**DATA PROVIDED**
******************************

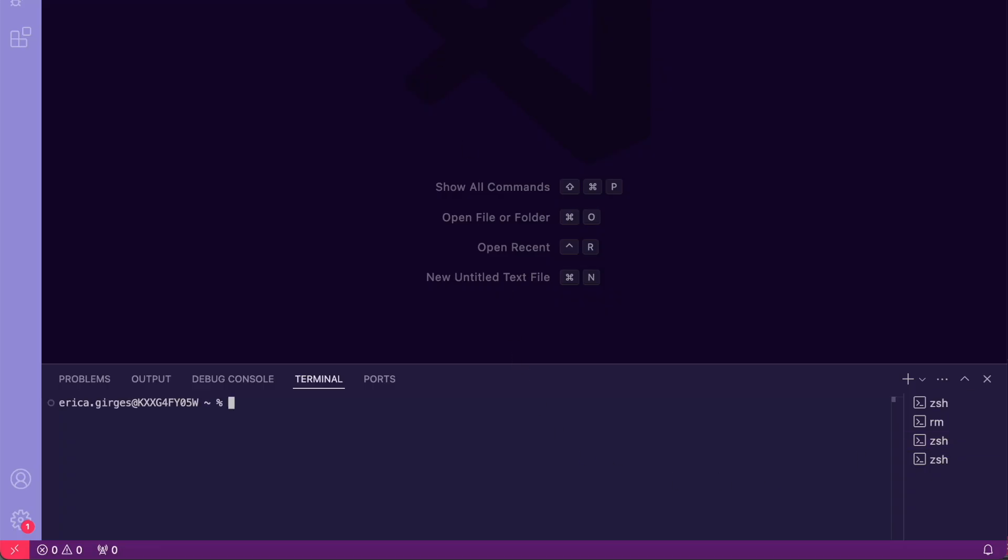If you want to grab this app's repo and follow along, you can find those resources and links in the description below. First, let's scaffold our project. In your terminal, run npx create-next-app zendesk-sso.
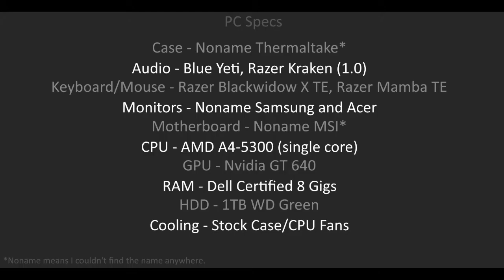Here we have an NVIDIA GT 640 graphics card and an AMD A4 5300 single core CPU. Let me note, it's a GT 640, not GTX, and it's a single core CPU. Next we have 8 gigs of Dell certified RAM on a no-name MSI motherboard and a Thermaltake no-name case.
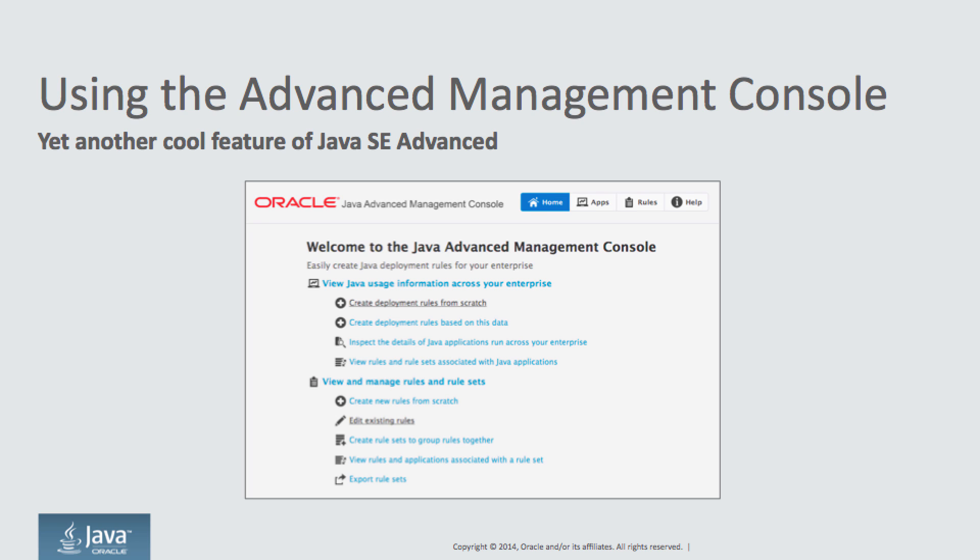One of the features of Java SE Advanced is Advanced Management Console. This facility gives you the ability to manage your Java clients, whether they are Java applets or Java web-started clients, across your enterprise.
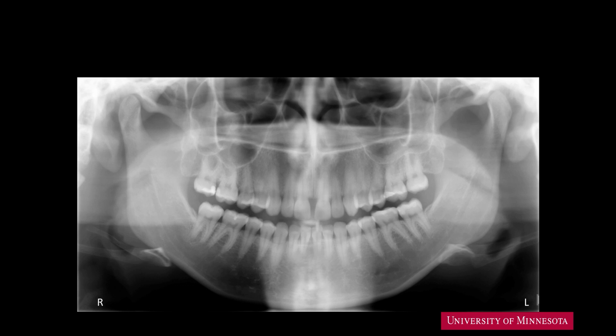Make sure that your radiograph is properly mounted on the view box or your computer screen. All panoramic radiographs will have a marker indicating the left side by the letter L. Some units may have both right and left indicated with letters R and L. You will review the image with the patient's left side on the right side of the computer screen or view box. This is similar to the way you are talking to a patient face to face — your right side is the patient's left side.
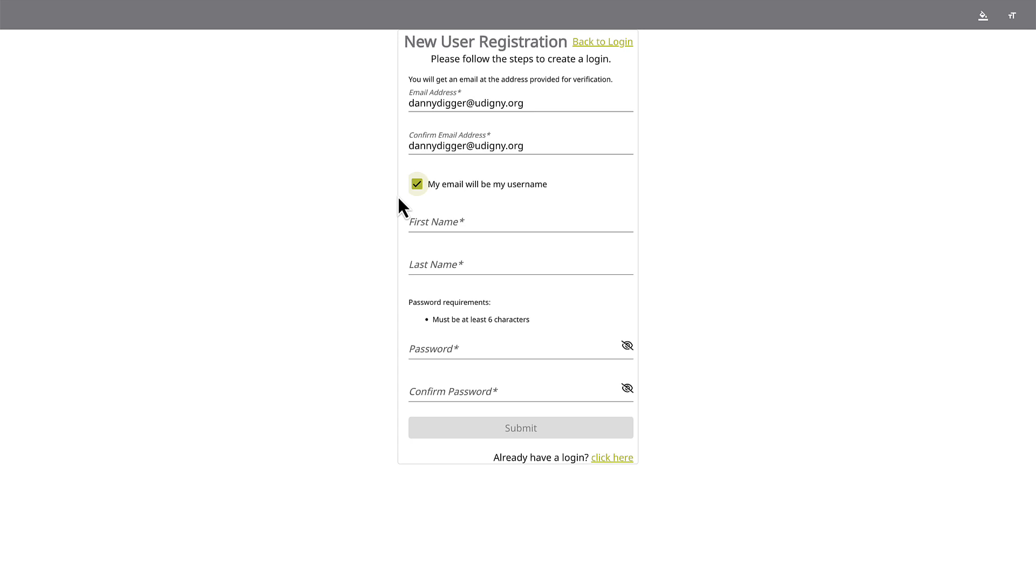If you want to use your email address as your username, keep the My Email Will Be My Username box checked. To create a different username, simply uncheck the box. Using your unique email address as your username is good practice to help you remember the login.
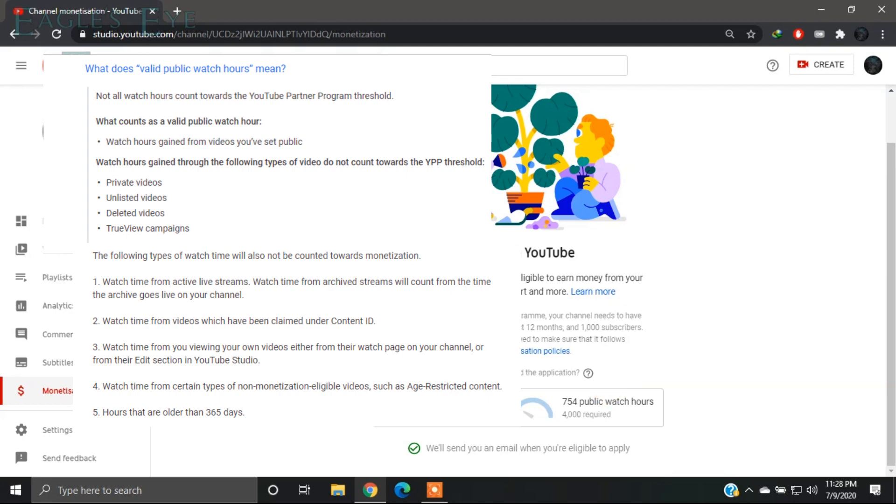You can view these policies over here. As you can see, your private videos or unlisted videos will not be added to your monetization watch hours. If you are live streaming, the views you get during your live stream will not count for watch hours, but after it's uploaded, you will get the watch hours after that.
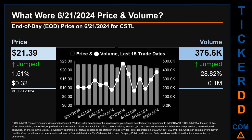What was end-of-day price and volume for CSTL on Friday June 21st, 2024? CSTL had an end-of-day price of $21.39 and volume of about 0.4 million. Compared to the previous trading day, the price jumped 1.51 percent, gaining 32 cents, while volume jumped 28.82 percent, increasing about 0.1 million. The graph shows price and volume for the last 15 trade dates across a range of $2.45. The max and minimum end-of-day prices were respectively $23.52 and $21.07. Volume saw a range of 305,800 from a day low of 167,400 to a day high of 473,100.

******************************

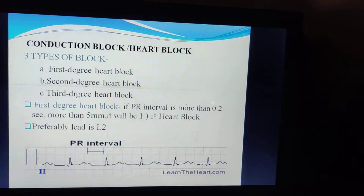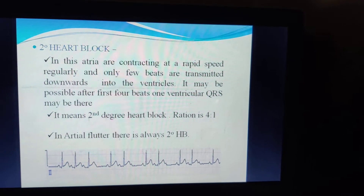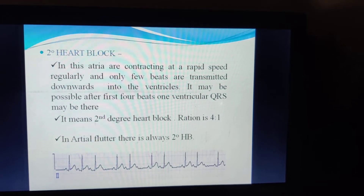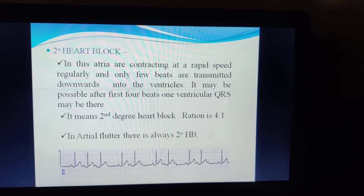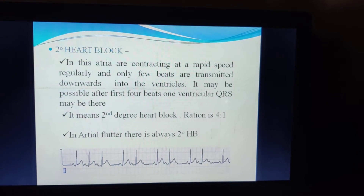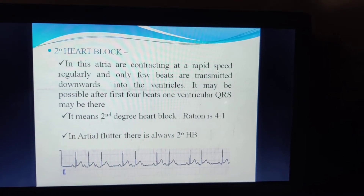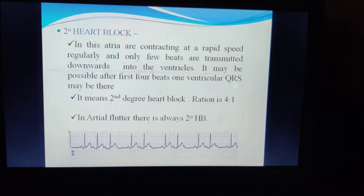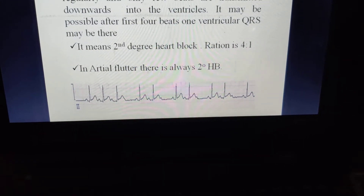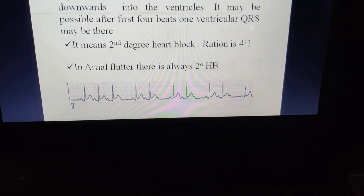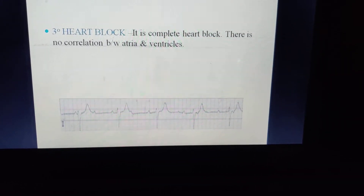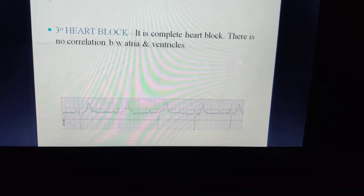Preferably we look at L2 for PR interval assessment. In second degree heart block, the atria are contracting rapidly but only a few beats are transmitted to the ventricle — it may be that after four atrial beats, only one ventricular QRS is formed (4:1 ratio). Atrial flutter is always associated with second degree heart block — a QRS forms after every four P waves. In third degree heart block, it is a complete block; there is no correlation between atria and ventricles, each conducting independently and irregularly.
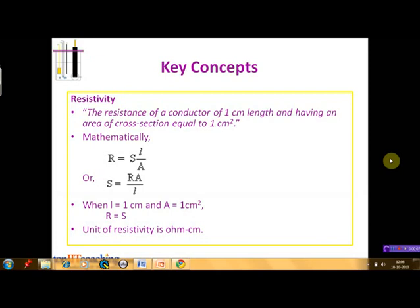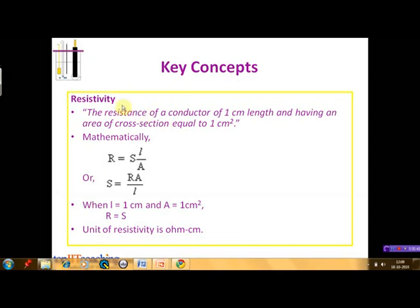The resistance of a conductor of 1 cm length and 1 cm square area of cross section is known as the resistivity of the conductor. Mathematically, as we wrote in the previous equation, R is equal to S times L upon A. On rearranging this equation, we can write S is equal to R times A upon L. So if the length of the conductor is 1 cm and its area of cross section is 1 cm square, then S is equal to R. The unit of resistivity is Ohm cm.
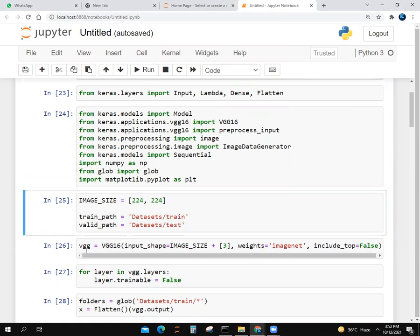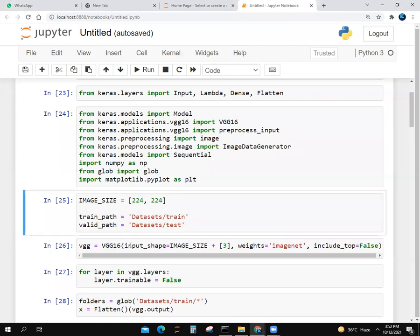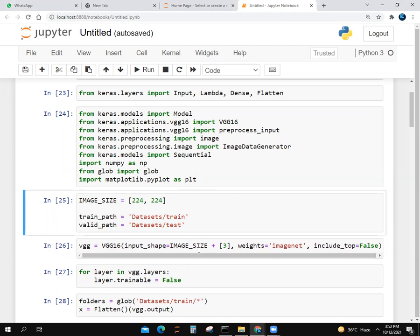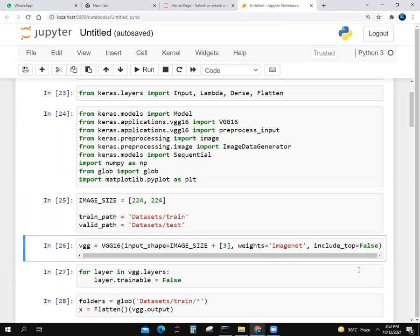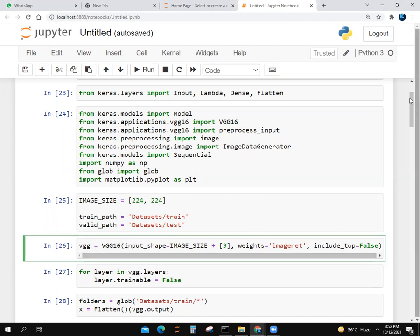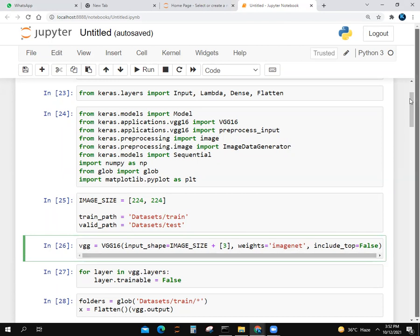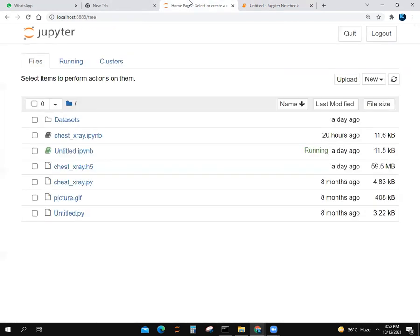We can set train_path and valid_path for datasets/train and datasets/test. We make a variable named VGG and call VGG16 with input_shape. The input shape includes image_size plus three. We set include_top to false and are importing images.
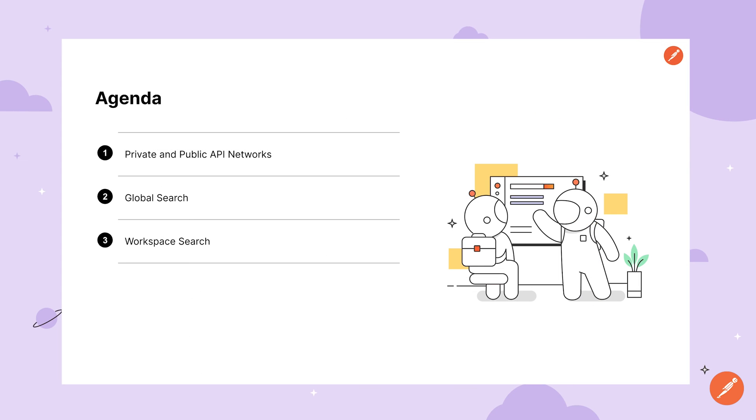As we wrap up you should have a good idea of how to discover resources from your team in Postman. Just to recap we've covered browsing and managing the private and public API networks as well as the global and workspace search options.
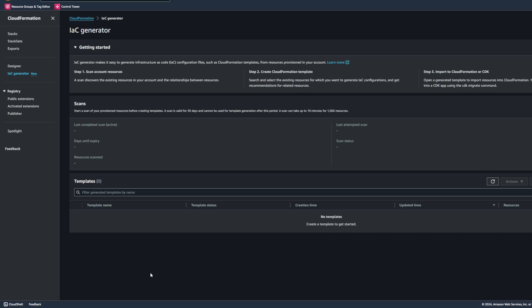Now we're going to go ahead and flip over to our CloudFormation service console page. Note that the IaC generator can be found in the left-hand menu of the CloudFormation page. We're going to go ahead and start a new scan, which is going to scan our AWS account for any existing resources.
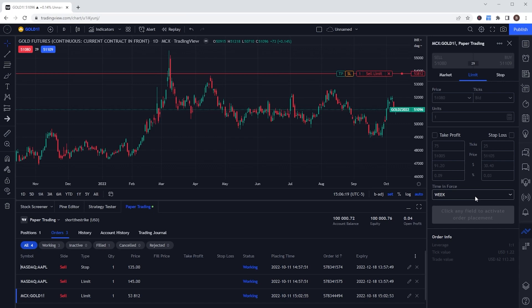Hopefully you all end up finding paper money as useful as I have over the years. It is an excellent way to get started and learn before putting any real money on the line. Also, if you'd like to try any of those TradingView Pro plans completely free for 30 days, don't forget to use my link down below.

******************************

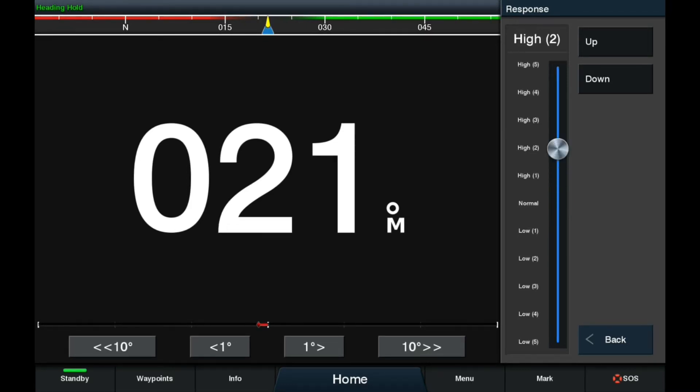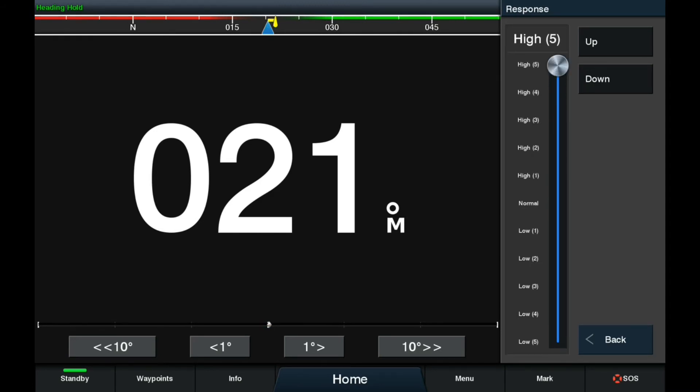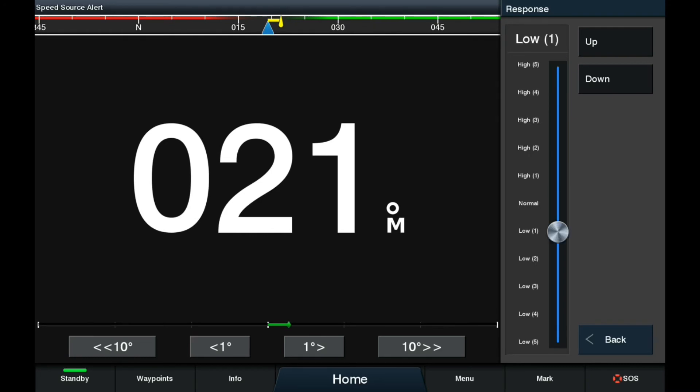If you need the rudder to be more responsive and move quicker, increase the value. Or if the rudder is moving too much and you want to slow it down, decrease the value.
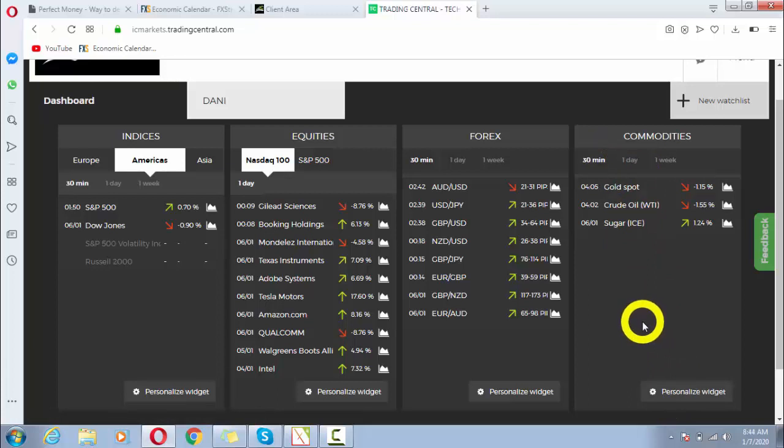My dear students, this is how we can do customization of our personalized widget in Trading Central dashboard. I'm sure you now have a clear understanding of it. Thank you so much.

******************************

**WHAT THE TASK ASKS**
Out of the records above, please copy exactly the lines from the line with "As we wrap up" up to and including the line with "Hopefully you all", minus the pictures.

**RESPONSE FOR THIS EXERCISE**
As we wrap up you should have a good idea of how to discover resources from your team in Postman. Just to recap we've covered browsing and managing the private and public API networks as well as the global and workspace search options.
Now we're going to go ahead and flip over to our CloudFormation service console page. Note that the IaC generator can be found in the left-hand menu of the CloudFormation page. We're going to go ahead and start a new scan, which is going to scan our AWS account for any existing resources.
Hopefully you all end up finding paper money as useful as I have over the years. It is an excellent way to get started and learn before putting any real money on the line. Also, if you'd like to try any of those TradingView Pro plans completely free for 30 days, don't forget to use my link down below.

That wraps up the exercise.